During the course of this study I conducted in-depth interviews with directors, producers and actors. In addition, audience perceptions and reactions were also documented. These will be used to substantiate the issues discussed in this paper. The viewers’ reception of the teledramas has a twofold purpose. First, it enables us to make assessments of the impact of this kind of mass media on the process of construction and dissemination of popular ideology and local political, cultural and social dynamics. Secondly, the impacts of sociopolitical, economic processes and cultural movements on the content and intent of nationally produced teledramas are reflected in the audience reception.

In the narrative frameworks of the teledramas, while the ethnic minorities are situated in a visible and consequential space, a close analysis of the positioning of these figures suggests that they fall within the parameters of the dominant discourse. Ultimately, these representations are transformed to propagate and preserve the ethnic superiority of the majority, since within the pervasive arena of ethnic conflict, identity politics hinges on questions of ethnicity, wherein social groups are defined by, and contingent upon, notions of racial purity. Whether it is ‘pure’

Sinhalese, Tamil, Burgher or Muslim, these categories are ‘unequivocally held to be real, abiding and permanent’ (Ismail 1995: 59).
The unfolding logic of these plots reveal how, on the one hand, a certain ‘othering’ (with reference to ethnic identities) takes place in these teledramas, and the ‘other’ is, of course, always constructed. The most blatant negative ethnic stereotyping is manifest in terms of dress and behavior. On the other hand, when positive representations of ethnic minorities are offered, in most cases, at the culmination of the narrative, they are seen to be completely assimilated into the main community, thereby effacing their ethnic identity.

Conversely, the Tamil character has recently gained visibility in the Sinhala teledrama. Although earlier teledramas such as Yashorawaya did touch upon mixed relationships (for instance, the daughter Ranjini gets married to a divorced Tamil man), this was often marginally positioned and functioned solely for the purposes of advancing the plot. Despite the escalation of the ethnic conflict since 1983, this subject was not depicted at all in teledrama until Sura Asura (written by Sumithra Rahubadda and directed by Bermin Lylie Fernando) was screened on the state television channel Rupavahini in 1992/93. Since then, a vast number of teledramas have been produced and are usually screened for the first time on Rupavahini. Audiences are reluctant to engage with the issue of ethnic politics in the popular media. The majority of viewers felt that television functions purely for entertainment and therefore should not portray ‘depressing’ themes like the war. Damitha Abeyrathne, the principal actress in the teledrama Nisaladiya Sasalaviya (which deals with a mixed relationship) said that ‘people who are already beaten by so many of life’s problems do not like to see the same problems when they sit to watch TV’.

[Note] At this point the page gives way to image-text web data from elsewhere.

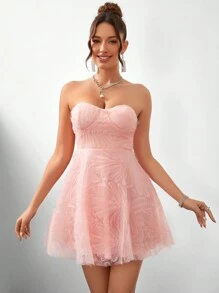 SHEIN Belle 浪漫的3d花卉布料,無肩帶蓬松女式雞尾酒派對裙 - 粉色 - 查看 6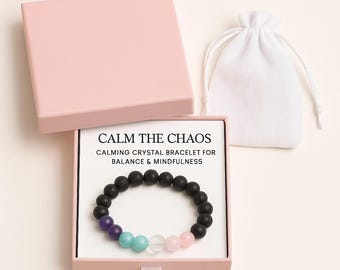 Mindfulness Gemstone Bracelet | Amethyst, Amazonite, Rose Quartz, Lava Beads
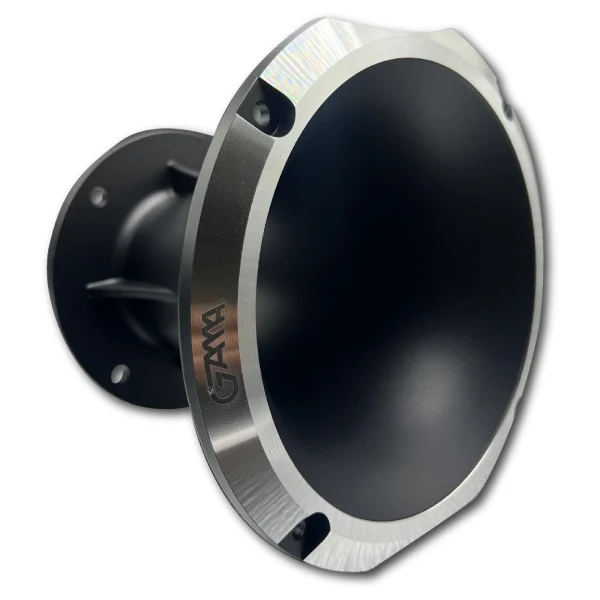 GAMA Audio Aluminum Horn Flare, 2" Throat, 176×158×133 mm, Silver – For 2" Compression Drivers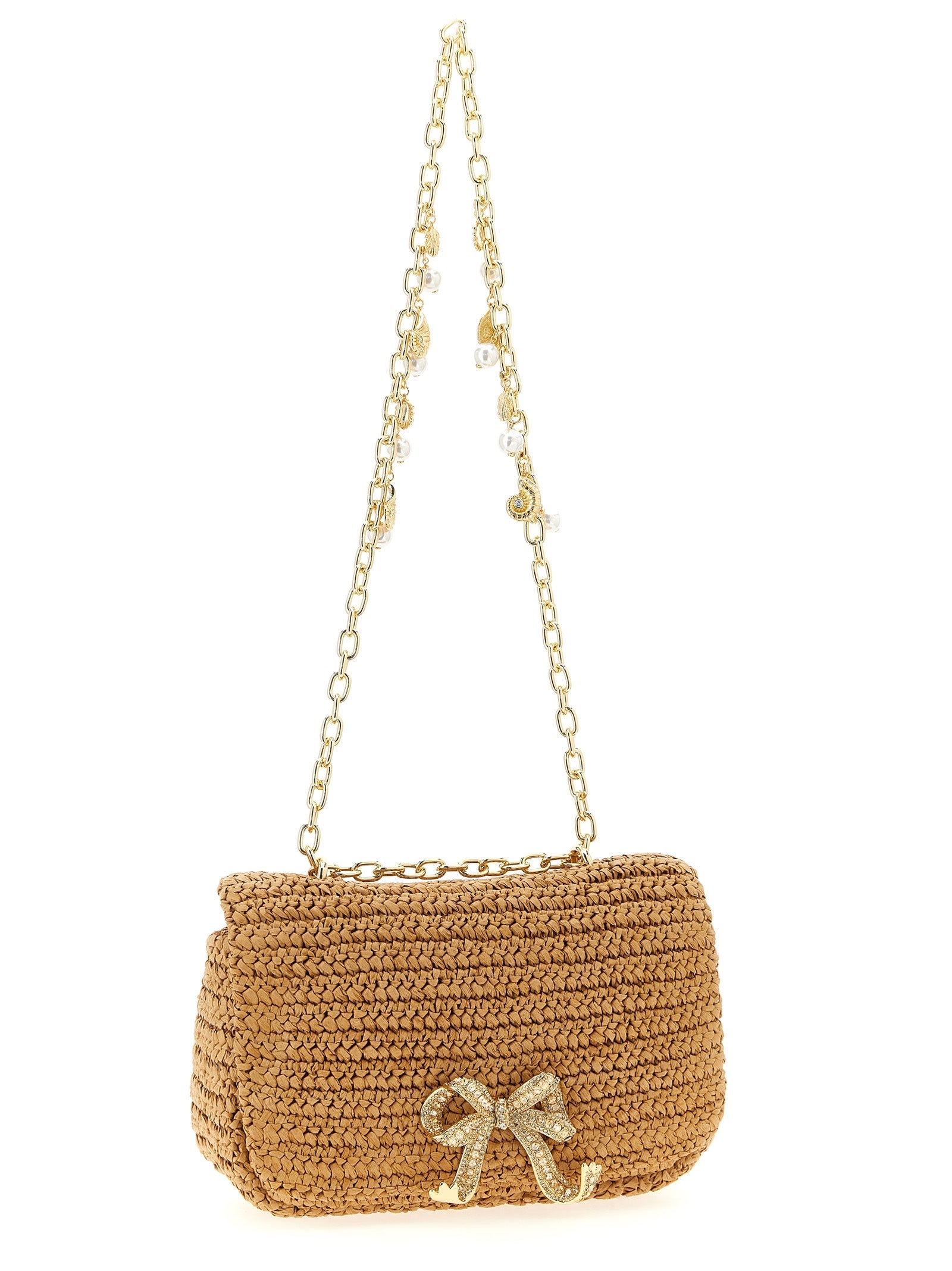 SELF PORTRAIT - SELF PORTRAIT - ’Raffia bow charm’ shoulder bag - Women’s Bags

In 1998, a Brigadier of the Sri Lankan army commented that the solution to the ethnic conflict in Sri Lanka lay in Sinhala soldiers marrying Tamil girls. This comment cannot be read as either facetious or idealistic. Rather, it falls within a discourse that has recently been promoted in public discourses and gained recognition on a variety of fronts. In 1998, the popular media through the state-owned Rupavahini Corporation has telecast, as well as produced, several Sinhala teledramas, where the focal point has been the issue of mixed relationships/marriages in the arena of conflict.

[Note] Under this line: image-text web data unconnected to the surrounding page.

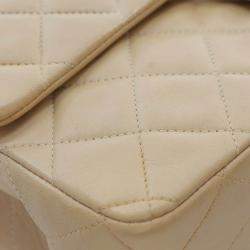 Pre Owned Chanel Beige Medium Classic Lambskin Double Flap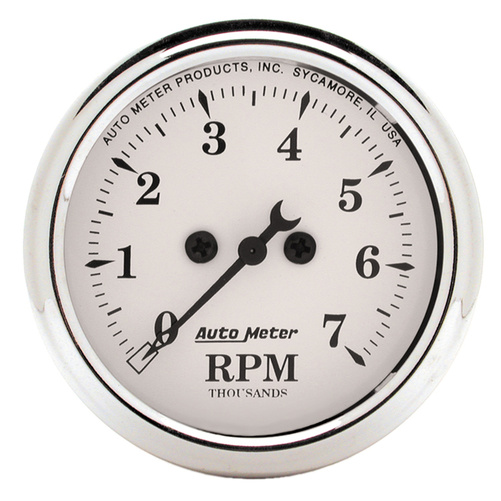 2-1/16" In-Dash Drehzahlmesser, 0-7,000 Rpm, Old-Tyme White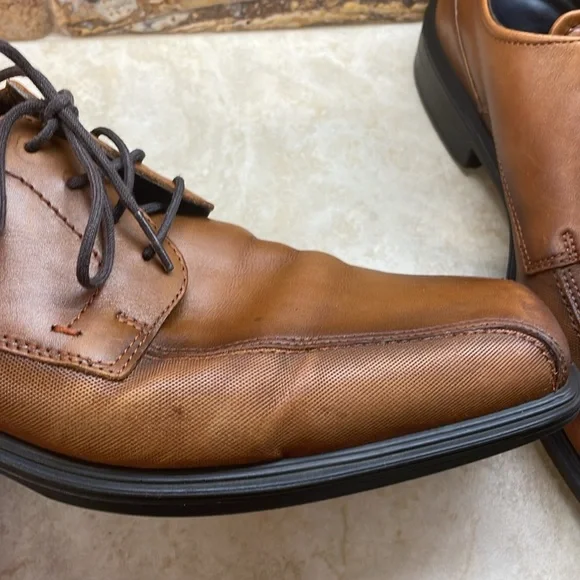 Ecco Men’s Lace Up Oxford Shoes Dress Shock Point Leather Brown Size 44/10-10.5 - Picture 13 of 16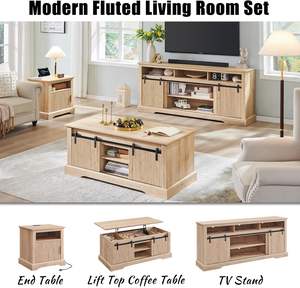 Meuble <span class=keywords><strong>TV</strong></span> Centre <span class=keywords><strong>de</strong></span> divertissement moderne avec porte coulissante à panneau <span class=keywords><strong>de</strong></span> forme d'onde, meuble <span class=keywords><strong>de</strong></span> rangement pour console multimédia, <span class=keywords><strong>barre</strong></span> <span class=keywords><strong>de</strong></span> <span class=keywords><strong>son</strong></span> et étagère réglable - Product Image 2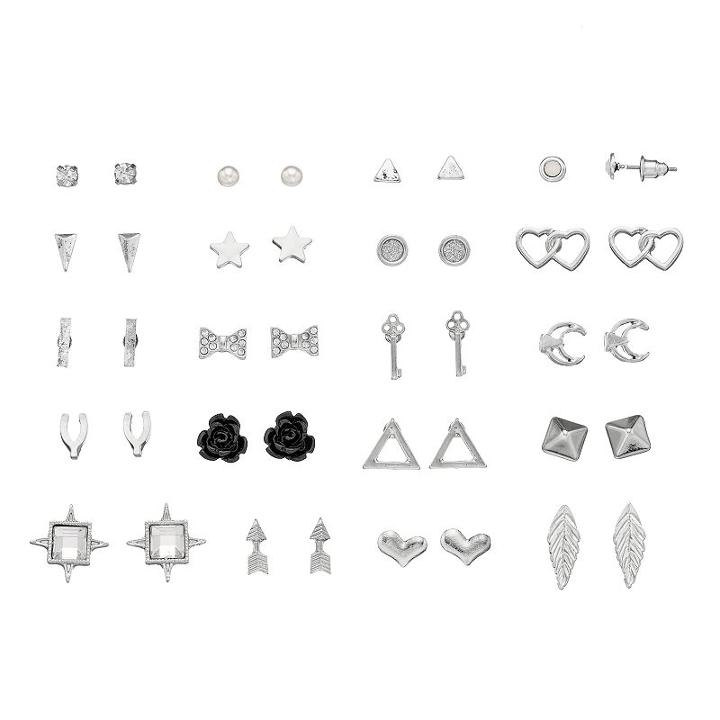 Flower, Heart, Arrow & Star Nickel Free Stud Earring Set, Women's, Black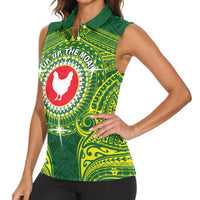 Personalized American Samoa Manua Cession Day Women Sleeveless Polo Shirt Up Up The Moa
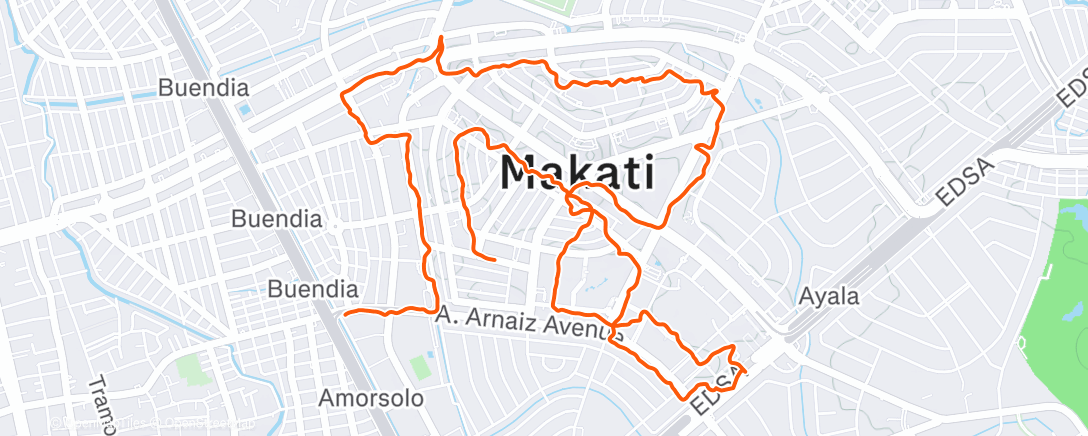 Map of the activity, Running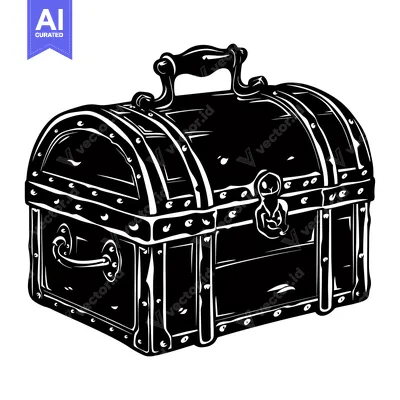 Aset premium populer: Black and White Illustration of a Wooden Chest with Metal Accents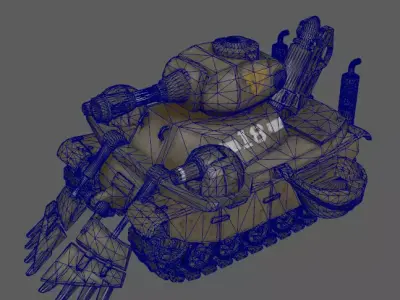 crawling-gear-tank Low-poly 3D model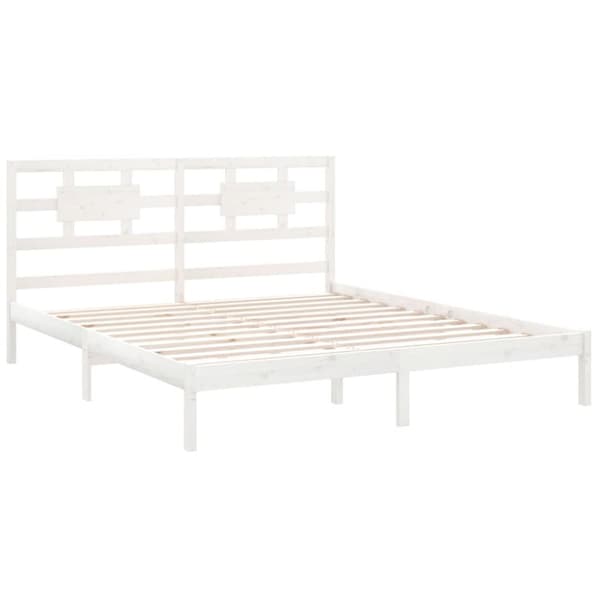 The Living Store sengeramme 200x200 cm massivt træ hvid - Senge & sengeramme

The positive codification of these relationships sharply contrasts with previous representations of the traditional antipathy associated with ethno-racial intermixing, seen for instance, in Sura Asura. In recent years, the mixed relationship — usually between a Sinhala man and Tamil woman — is portrayed very positively and frequently in teledramas. Since the 1983 riots, the ethnic conflict has prefigured. In this section, I explore this configuration by focusing on three teledramas, Sura Asura, Vishwa Gamana and Nisaladiya Sasalaviya. The latter deviates from the norm in charting the vicissitudes of a relationship between a man of mixed parentage (father Tamil and mother is Sinhala) and a Sinhala girl. The latter two teledramas are very recent and popular and attempt a shift in attitude towards the issue of intermarriage. In these teledramas, the following concerns will be germane to my discussion: the way in which the mixed relationship is constructed vis-a`-vis gender and ethnic politics; the anxieties of the person of mixed ancestry and his/her place in the community (as depicted in Nisaladiya Sasalaviya); the ‘emancipatory’ potential in becoming a member of a revolutionary organization (as represented in the female protagonist in Vishwa Gamana); and audience reactions to these issues.

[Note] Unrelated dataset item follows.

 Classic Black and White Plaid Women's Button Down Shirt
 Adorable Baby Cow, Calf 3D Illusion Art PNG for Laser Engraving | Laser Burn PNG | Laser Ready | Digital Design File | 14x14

Sura Asura marks a watershed in teledrama history. It maps the politics of conflict and its impingement upon the marriage of Suranimala, a Sinhala man and a Tamil woman, Lakshmi. They ignore parental opposition and get married, and during the riots they are forced to flee from their home. Their two children are sent to Suranimala’s parents’ house. This arrangement causes Lakshmi severe anguish, and also puts a strain on their relationship. At the end, Lakshmi goes to Jaffna with the children, and Suranimala follows her and attempts to bring her back.

Nisaladiya Sasalaviya charts the relationship between Suresh, the child of a Sinhala mother and deceased Tamil father, and a young Sinhalese woman, Nirmala. Nirmala, who is from an affluent and prominent family, comes to stay with her brother, Ranjan, while awaiting her Advanced Level results. Her two friends in the small town go to learn English from Suresh’s mother, the schoolteacher. They persuade Nirmala to join their English class. A relationship develops between Suresh and Nirmala. As their relationship progresses, it is framed against Ranjan’s rising status as a politician who builds his political aspirations on the grounds of ‘protecting his race, religion and country’. Although Ranjan’s wife supports Nirmala, Ranjan gets to know about the affair and his violent opposition forces them to elope. After they get married, they find out that Suresh’s mother is extremely ill, and come back home to see her. Ranjan learns of this and comes looking for them with a gun. He states that his sister is a disgrace to his position and family, and vows to either shoot the two lovers or himself. He and Nirmala confront each other and she challenges his racism in the presence of the town’s Buddhist priest. They are then reconciled and Ranjan accepts Suresh.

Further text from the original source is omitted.